### Task requirements
Would you please transcribe exactly the lines from the one containing "this 640×480 image." through the end of the material below, and only those?

### Extracted material
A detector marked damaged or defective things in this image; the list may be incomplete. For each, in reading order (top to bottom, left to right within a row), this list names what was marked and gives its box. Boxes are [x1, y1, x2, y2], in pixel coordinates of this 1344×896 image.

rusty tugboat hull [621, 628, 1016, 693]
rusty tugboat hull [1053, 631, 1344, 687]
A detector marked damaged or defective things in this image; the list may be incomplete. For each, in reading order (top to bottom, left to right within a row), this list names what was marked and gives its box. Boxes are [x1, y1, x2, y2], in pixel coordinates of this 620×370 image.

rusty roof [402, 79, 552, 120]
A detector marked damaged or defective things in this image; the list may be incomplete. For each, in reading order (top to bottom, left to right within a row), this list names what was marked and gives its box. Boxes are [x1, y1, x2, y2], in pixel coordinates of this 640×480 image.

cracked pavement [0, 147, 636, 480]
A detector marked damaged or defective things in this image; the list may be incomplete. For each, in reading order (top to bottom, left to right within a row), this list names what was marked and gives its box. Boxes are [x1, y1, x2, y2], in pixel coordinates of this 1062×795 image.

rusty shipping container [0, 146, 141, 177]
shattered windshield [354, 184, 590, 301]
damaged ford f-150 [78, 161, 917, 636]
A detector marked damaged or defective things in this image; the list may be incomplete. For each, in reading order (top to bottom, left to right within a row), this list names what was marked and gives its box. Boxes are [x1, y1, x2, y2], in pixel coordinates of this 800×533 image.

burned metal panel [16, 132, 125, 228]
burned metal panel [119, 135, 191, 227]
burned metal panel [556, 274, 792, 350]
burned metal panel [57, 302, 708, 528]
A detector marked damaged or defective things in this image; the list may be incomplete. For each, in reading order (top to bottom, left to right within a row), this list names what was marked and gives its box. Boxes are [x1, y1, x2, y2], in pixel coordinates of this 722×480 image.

### Output
A detector marked damaged or defective things in this image; the list may be incomplete. For each, in reading order (top to bottom, left to right within a row), this list names what was marked and gives its box. Boxes are [x1, y1, x2, y2], in pixel coordinates of this 640×480 image.

cracked pavement [0, 147, 636, 480]
A detector marked damaged or defective things in this image; the list may be incomplete. For each, in reading order (top to bottom, left to right within a row), this list names what was marked and gives its box. Boxes are [x1, y1, x2, y2], in pixel coordinates of this 1062×795 image.

rusty shipping container [0, 146, 141, 177]
shattered windshield [354, 184, 590, 301]
damaged ford f-150 [78, 161, 917, 636]
A detector marked damaged or defective things in this image; the list may be incomplete. For each, in reading order (top to bottom, left to right within a row), this list names what was marked and gives its box. Boxes are [x1, y1, x2, y2], in pixel coordinates of this 800×533 image.

burned metal panel [16, 132, 125, 228]
burned metal panel [119, 135, 191, 227]
burned metal panel [556, 274, 792, 350]
burned metal panel [57, 302, 708, 528]
A detector marked damaged or defective things in this image; the list may be incomplete. For each, in reading order (top to bottom, left to right within a row), this list names what was marked and gives its box. Boxes are [x1, y1, x2, y2], in pixel coordinates of this 722×480 image.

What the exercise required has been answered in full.